Why do I not get $.03 every time someone uses a bathroom I install?

There are many wierd twists and turns to music as intelectual property.

What if Einstien had trademarked E=MC^2 (tm). And insisted that $.03 get sent to him every time someone wanted to read, use, or even think too hard about his ideas?

I know the reality of being a starving artist much more than a lot of people in the music industry, including the artists.
Does Bob still get royalties for his older stuff? Why don't I?
posted by Balisong at 12:45 PM on May 24, 2005


He's not wanting to get paid for having made the album, he wants the people who want to own the album to pay for it.

doesn't look that way to me, he wants me to buy it before I even hear it. How am I supposed to know if I want to own it?

(not that I endorse several record-company-can-save-your-ass comments floated above.)
posted by victors at 12:46 PM on May 24, 2005


Of course he ought to be compensated when someone uses/enjoys something he's created - particularly if what he created was meant to be sold - but he's taking a (huge) gamble trying to make money by releasing music the way he's doing it - I just felt that he's coming off sounding like he's blaming his fans for his gamble (potentially) not paying off.
posted by soplerfo at 12:52 PM on May 24, 2005


doesn't look that way to me, he wants me to buy it before I even hear it. How am I supposed to know if I want to own it?

Dunno, but that doesn't mean that he wants to get paid for having made the album. He's selling it, for a certain price. He wants the people who want to own the album to pay for it. The fact that there are people who would want to buy it if they heard it first does not negate the fact that he wants to collect money from people who are going to be owning the album.
posted by 23skidoo at 12:58 PM on May 24, 2005


23skidoo writes "The art angle is a red-herring. No one deserves to get paid just for making art. Everyone deserves to get paid if someone else wants to own that art in some form. Not because it's art, but because it's a thing that takes time to make, that has a price that people are willing to pay. You don't want to pay that price, fine, then don't take the product.

"He's not wanting to get paid for having made the album, he wants the people who want to own the album to pay for it."

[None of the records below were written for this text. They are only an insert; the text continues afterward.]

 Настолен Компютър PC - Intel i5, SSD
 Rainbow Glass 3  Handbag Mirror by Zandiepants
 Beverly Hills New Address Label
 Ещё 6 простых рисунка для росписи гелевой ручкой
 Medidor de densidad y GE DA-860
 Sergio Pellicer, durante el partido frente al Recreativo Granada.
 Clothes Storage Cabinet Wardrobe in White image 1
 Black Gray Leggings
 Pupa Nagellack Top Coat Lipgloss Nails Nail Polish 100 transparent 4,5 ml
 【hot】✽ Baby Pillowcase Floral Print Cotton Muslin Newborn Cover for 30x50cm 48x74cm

Fuck 23skidoo, thank you thank you thank you. The righteous indignation about Bob Mould objecting to his songs being stolen is completely beyond me. We aren't talking about Metallica here, or about B. Spears, we're talking about a guy who makes ends meet DJing at a club on Saturday nights (a gig he has to split with another artist). He's having a conversation with his fans, because he has few enough fans, and he cares about them enough, to have a conversation about this with them.

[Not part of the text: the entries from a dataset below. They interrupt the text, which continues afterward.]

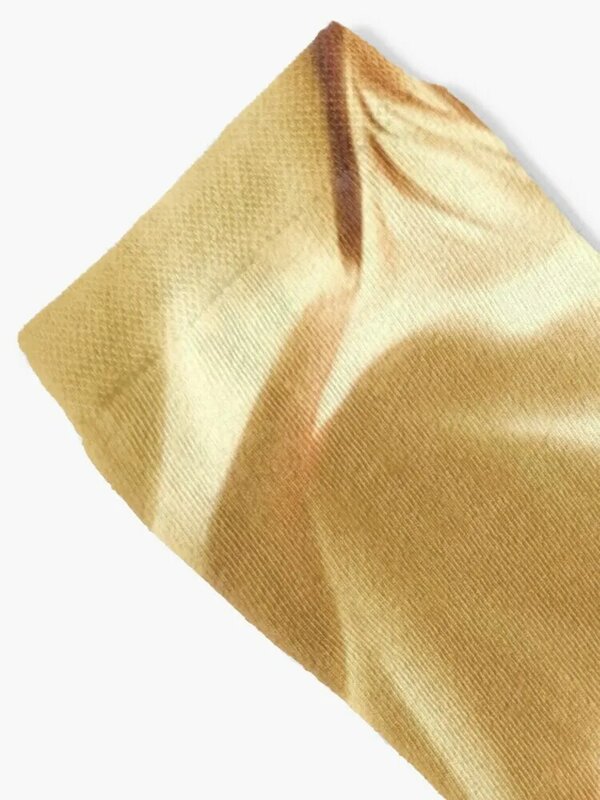 Calcetines de seda satinada para hombre y mujer, calcetín de hip hop, Serie 6, color dorado pálido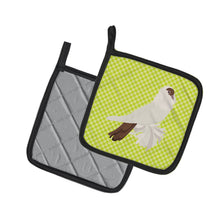 Load image into Gallery viewer, German Helmet Pigeon Green Pot Holders - Set of 2 - Heat-Resistant Kitchen Essentials BB7770PTHD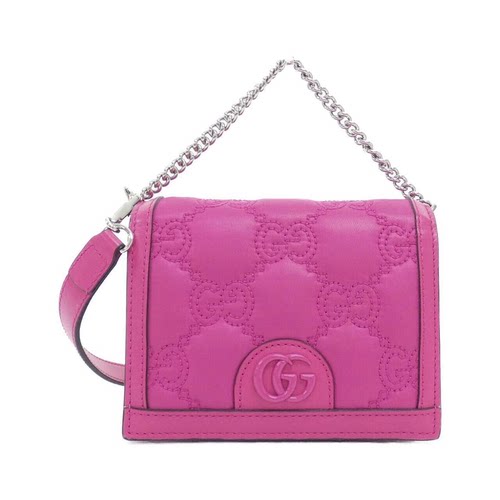 中古GUCCI古驰尼龙斜挎女包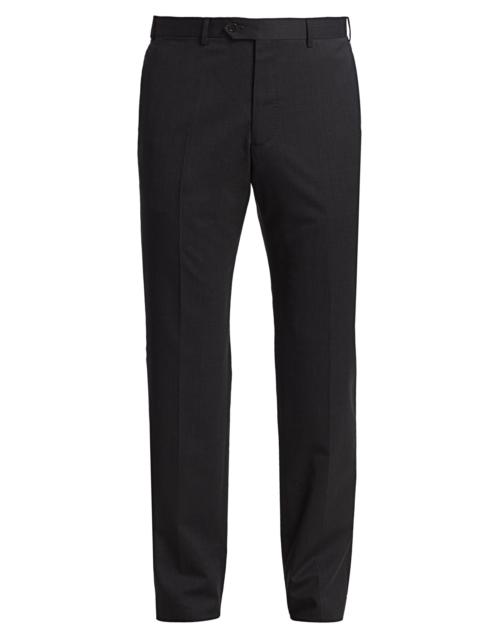 GIORGIO ARMANI Men's Wool Trousers - Dark Heather Grey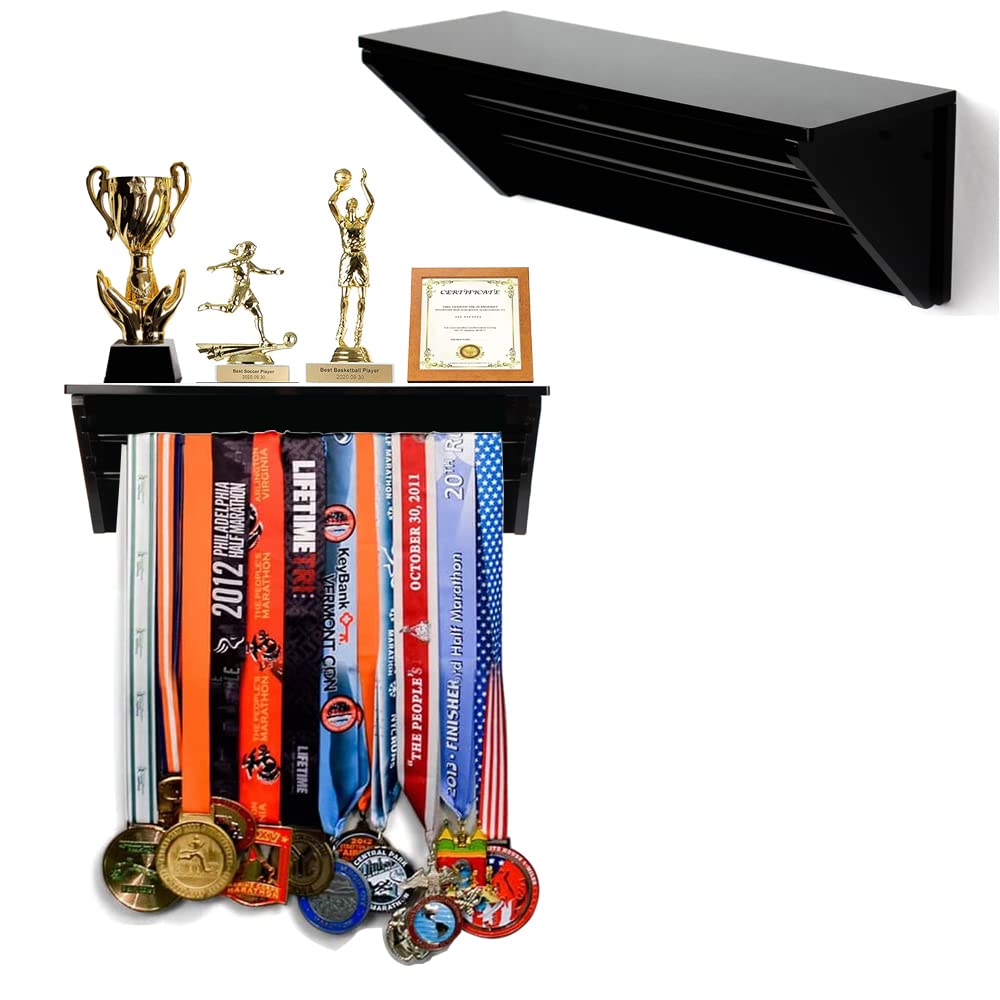 Soporte de medallas para exhibición de trofeos, 3.9 x 11.8 Pulgadas, Colgador de Pared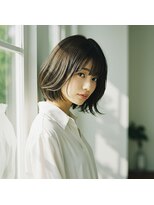 コトナ 越谷店 シースルーバングくびれミディアムウルフボブ越谷20代30代40代◎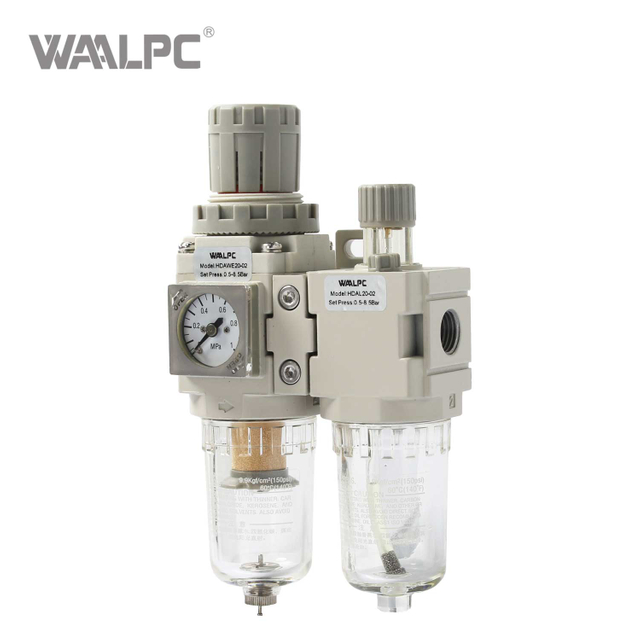 Compact Filter-Regulator Combo HDAC Serie G1/4'' 0.05~0.85MPa 2-in-1 Space-Saving 5um 25um Air Preparation for Tight Installations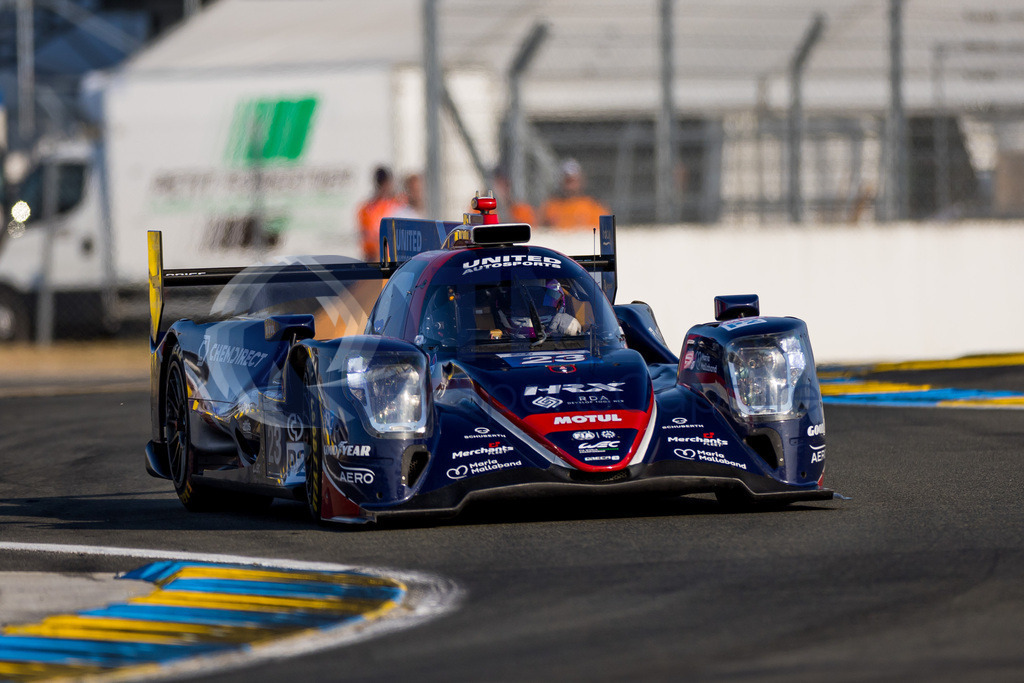 Trainproduction-20230607-1112 | LE MANS,FRANCE,07.Jun.23 - MOTORSPORTS - WEC, FIA World Endurance Championships, 24 Hours of Le Mans, Circuit de la Sarthe, qualifying. Image shows Joshua Pierson (USA), Tom Blomqvist (GBR) and Oliver Jarvis (GBR/ United Autosports). Photo: Trainproduction / Matthias Trinkl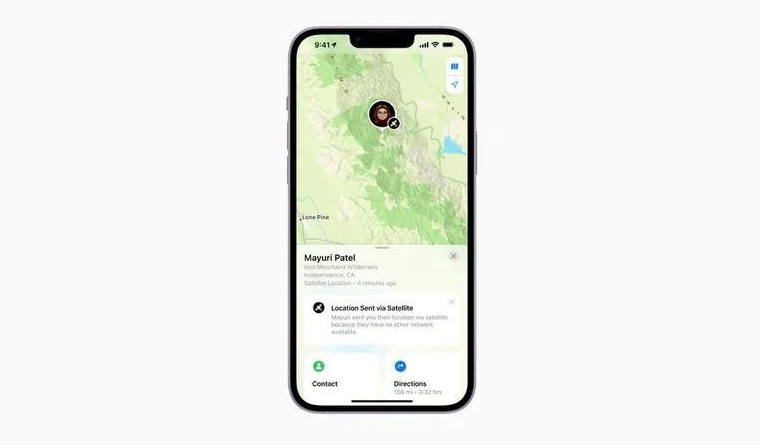 金山苹果14维修分享iPhone14系列中 FindMy功能通过卫星分享位置方法教程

The suggestion that he is somehow wrong to expect people to pay for what they are taking is utterly strange. mrgrimm's arguments about how great free stuff is don't hold up, not because they are wrong, but because we already know that people want this music, we know that they are downloading it. In the face of that, the only conversation to have is about why they would want to screw someone they supposedly like this way.

Balisong--
Nothing you've written makes me think that you even understand the terms here, or the most basic things about economics and art. You not only compare royalties with payment for a product, you claim that only music (and sometimes writing) operates on a payment plan. I don't think you have to have read Walter Benjamin to know that many many forms of art in the contemporary world (and even dating back to at least the middle ages) have operated on the basis of reproduction and payment for a non-unique artifact. Printmaking, photography, publishing, music, movies, traveling drama troupes: all these are forms of producing one thing and getting paid for it over and over again.

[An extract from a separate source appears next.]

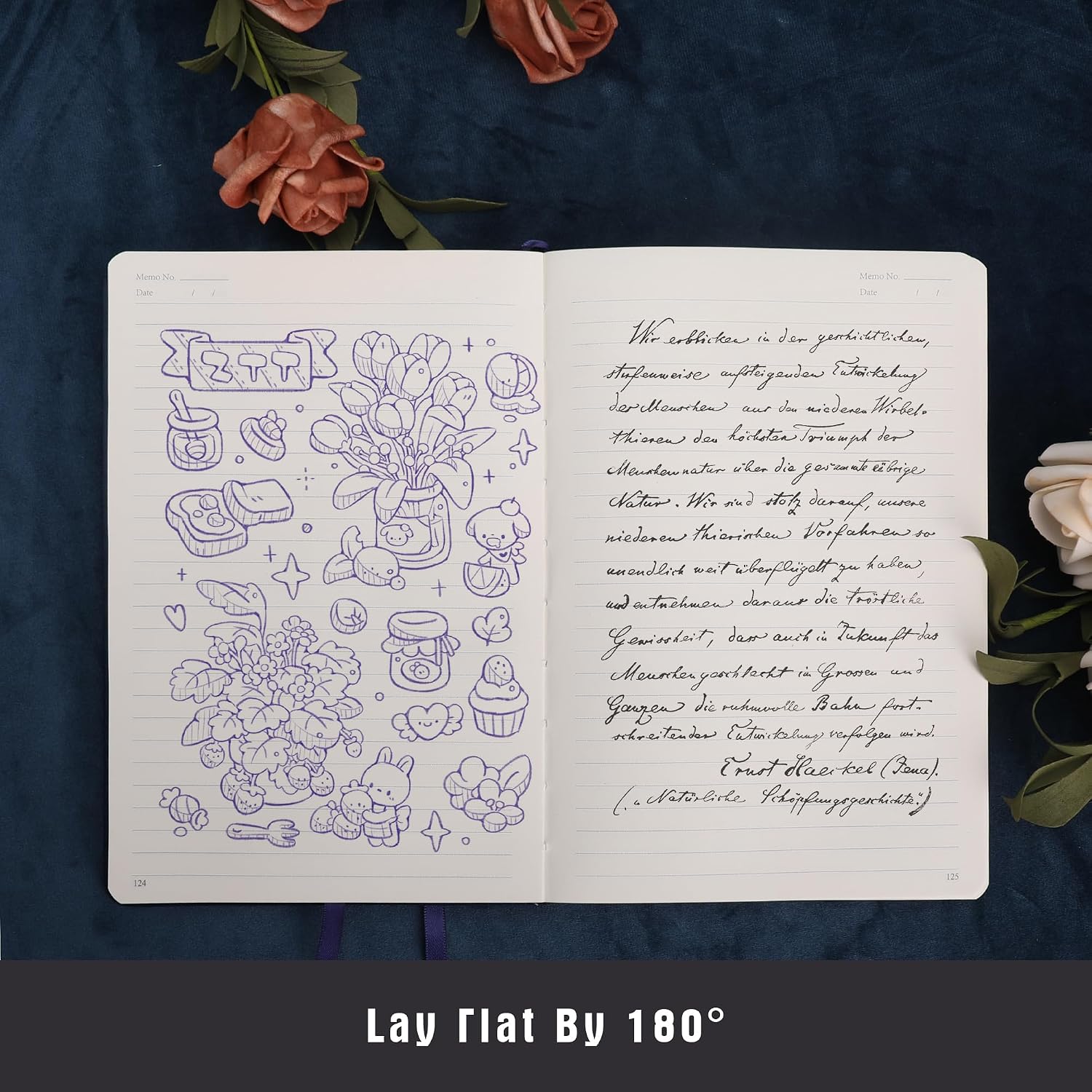 Thumbnail 6 de TIEFOSSI Lined Journal Notebook aus Kunstleder mit Evil-Eye-Cover, A5 inkl. Stift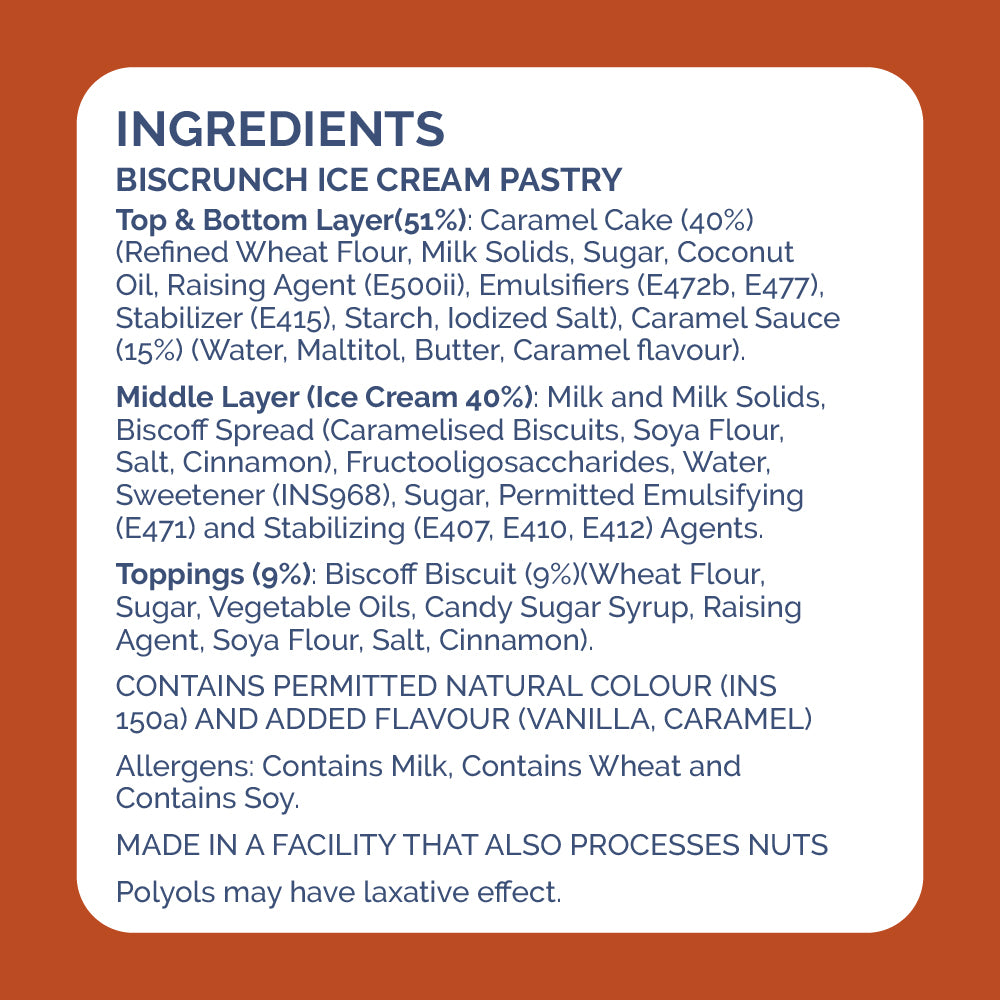 Biscrunch Ice Cream Pastry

You also fail to understand the terms of your own art, the economic terms that is; and your confusion about it allows you to argue as if your choices are comparable to choices that Mould has made or could make. The reality is, your craft is only possible (as you've described it) because other people own houses. You want to know why you don't get paid over and over for your bathrooms: it's because they belong to someone else. The investment is theirs, you contribute some creativity and the abilities of a craftsperson, but the capital rests with them. If you weren't in touch with people who could buy houses and commission custom tile jobs, your art would not exist. What makes the economic argument particularly strange to me is that Mould actually asks for far less money from each person than do you. His charges are distributed (an effect of the reproduction of art you claim to be so baffled by), and yet, you seem to suggest that if he confined his art to people with a lot more money (as do you) he'd be better off, as would society. On the one hand, Mould should just throw his music into the communal pot if he wants to be an artist; on the other, he should find some rich friends to pay him to do something he can call art.
posted by OmieWise at 1:41 PM on May 24, 2005


There IS a big difference between traditional art forms and music. Tangibility.

If I were a musician, I would view audio recordings as a promotional tool to build a fan base and get them out there to see my live show - Which, as most musicians will tell you, is where they REALLY make the money. Not the pitiful scraps that their record label throws down to them from album sales.

I download music without remorse. I've turned literally thousands of people on to artist that they probably wouldn't have heard of had I not passed a downloaded/burned CD onto them. These people become the strong fanbase that goes out and sees the musician when they're out touring and earning their living.

When I download music, I get great satisfaction out of knowing that as a wonderful side effect, I am another small hammer working to tear down the bohemoth that record companies have become. With the advent of the internet, their services are no longer needed, and the quicker they realize this (or are forced to realize this) the better.
posted by rabble at 1:47 PM on May 24, 2005


This arguement about tiling got me thinking...
You start out as a tiler and are widely regarded for your beautiful designs, paid per project and make money. Although there are other tilers, your reknown (and wages) comes from the demand for your creative designs. Then you realize that you can sell maps of the designs to other tilers for extra money. Tilers across the world start purchasing the designs and you start making lots of money. This continues and you stop tiling and just start making designs. Then comes the mimeograph/internet/person with a pen and paper - and they start copying your design and giving it to other people that tile. And now there's no way for you to make money anymore, no one tiles, no one designs, and the world ends. Is that an apt analogy?
posted by nTeleKy at 1:55 PM on May 24, 2005


Actually, there are several types of art that move with the same flow as music. Photography, writing, preformance art (musicians, actors). How many times have you used a photograph without paying royalties? (or even giving credit notes)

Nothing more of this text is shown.